## Task directions
Please restate, word for word, the lines below that begin at the one with "Red squirrel stands" and end at the one with "Vintage 1980s 80s". Leave out all other lines.

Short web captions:

---

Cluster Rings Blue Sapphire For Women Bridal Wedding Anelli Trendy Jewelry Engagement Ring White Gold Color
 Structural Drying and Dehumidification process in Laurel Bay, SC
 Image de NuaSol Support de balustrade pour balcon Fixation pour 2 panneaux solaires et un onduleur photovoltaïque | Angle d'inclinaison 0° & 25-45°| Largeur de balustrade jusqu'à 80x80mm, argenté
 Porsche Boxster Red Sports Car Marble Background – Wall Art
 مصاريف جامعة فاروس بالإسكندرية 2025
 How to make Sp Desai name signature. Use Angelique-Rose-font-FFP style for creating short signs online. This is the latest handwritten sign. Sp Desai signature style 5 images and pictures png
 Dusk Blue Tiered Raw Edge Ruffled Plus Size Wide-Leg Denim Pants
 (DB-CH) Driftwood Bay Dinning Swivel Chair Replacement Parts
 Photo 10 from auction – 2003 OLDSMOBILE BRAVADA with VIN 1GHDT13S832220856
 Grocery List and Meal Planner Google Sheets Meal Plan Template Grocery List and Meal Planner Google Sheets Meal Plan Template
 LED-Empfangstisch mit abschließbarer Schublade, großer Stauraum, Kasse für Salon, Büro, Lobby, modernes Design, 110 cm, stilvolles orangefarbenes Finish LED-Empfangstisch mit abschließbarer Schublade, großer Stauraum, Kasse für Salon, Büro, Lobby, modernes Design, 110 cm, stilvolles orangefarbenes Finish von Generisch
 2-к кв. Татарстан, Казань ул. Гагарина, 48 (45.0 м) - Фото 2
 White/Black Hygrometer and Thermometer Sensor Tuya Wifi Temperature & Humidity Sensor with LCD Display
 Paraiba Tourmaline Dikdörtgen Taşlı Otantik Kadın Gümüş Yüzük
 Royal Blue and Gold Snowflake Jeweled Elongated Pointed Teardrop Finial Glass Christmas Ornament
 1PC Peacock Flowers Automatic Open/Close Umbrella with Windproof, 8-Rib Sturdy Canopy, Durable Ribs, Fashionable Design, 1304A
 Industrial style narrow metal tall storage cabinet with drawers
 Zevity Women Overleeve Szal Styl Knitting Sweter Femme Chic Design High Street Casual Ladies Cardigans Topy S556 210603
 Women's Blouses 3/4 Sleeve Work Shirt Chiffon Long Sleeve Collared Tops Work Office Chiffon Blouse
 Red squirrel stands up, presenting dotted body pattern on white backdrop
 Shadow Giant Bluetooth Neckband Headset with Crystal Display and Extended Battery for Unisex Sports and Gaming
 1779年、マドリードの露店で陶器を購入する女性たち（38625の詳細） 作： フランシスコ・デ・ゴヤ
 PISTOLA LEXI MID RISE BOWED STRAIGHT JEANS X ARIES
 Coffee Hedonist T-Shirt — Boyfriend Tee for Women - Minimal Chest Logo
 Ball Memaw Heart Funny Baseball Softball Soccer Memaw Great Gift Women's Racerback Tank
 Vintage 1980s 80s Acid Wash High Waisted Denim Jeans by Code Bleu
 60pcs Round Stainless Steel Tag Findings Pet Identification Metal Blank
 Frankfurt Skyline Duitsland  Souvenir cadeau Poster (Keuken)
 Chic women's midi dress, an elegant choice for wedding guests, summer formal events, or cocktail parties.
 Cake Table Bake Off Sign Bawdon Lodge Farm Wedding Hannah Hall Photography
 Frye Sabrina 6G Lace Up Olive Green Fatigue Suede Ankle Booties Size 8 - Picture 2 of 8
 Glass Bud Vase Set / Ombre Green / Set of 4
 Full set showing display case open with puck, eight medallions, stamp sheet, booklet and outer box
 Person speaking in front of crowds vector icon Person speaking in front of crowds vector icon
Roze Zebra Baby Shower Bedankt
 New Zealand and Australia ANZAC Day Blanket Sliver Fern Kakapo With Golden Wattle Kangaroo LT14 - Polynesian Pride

---

## Solution to this task
 Red squirrel stands up, presenting dotted body pattern on white backdrop
 Shadow Giant Bluetooth Neckband Headset with Crystal Display and Extended Battery for Unisex Sports and Gaming
 1779年、マドリードの露店で陶器を購入する女性たち（38625の詳細） 作： フランシスコ・デ・ゴヤ
 PISTOLA LEXI MID RISE BOWED STRAIGHT JEANS X ARIES
 Coffee Hedonist T-Shirt — Boyfriend Tee for Women - Minimal Chest Logo
 Ball Memaw Heart Funny Baseball Softball Soccer Memaw Great Gift Women's Racerback Tank
 Vintage 1980s 80s Acid Wash High Waisted Denim Jeans by Code Bleu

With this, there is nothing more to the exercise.